La Grange de Dorigny-UNIL donne la parole mercredi 4 mars à plusieurs autrices et auteurs, le temps d’une soirée, autour de la question du statut de leur métier.
La saison 19-20 de La Grange de Dorigny-UNIL a à plusieurs reprises sollicité le talent littéraire d’écrivaines et écrivains. Autant lors de spectacles que d’écrits mis en scène, de lectures ou de performances. Raison pour laquelle elle a choisi, en collaboration avec le Centre des littératures en Suisse romande, de leur tendre le micro mercredi 4 mars, dans son Foyer, le temps d’une soirée où seront abordées toutes les facettes de l’écriture en territoire romand. Quelques pistes avec Daniele Maggetti, directeur du Centre des littératures en Suisse romande et professeur ordinaire à la Section de français de la Faculté des lettres.

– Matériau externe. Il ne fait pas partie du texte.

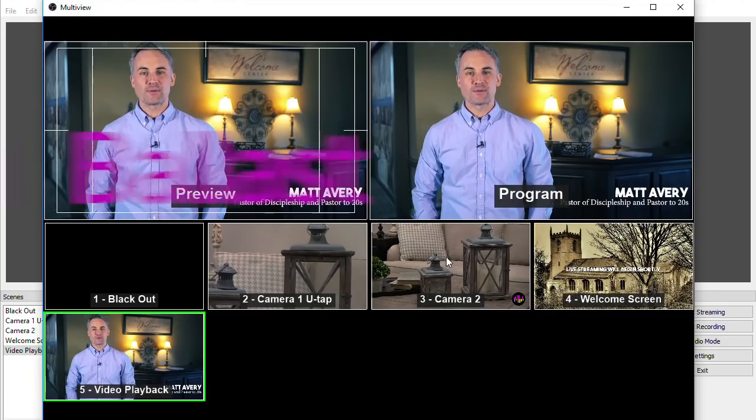In this video, I'm going to show you how you can use OBS software as a simple video switcher as well as playback pre-recorded video on your live stream.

Daniele Maggetti, écrire en Suisse romande relève souvent d’une activité secondaire, pas d’une profession en tant que telle. Pourquoi ?
C’est une question de marché. Il a été pendant très longtemps exceptionnel, pour un écrivain en Suisse romande, de pouvoir vivre de sa plume. La masse critique du lectorat francophone suisse n’est pas matériellement suffisante. À de rares exceptions, les écrivaines et écrivains ne pouvaient pas gagner assez par cette seule activité. L’écriture poétique ou de fiction n’a été revendiquée que récemment en tant que profession principale voire unique. Jusque-là, la plupart exerçait un autre métier, dans l’enseignement ou le journalisme par exemple.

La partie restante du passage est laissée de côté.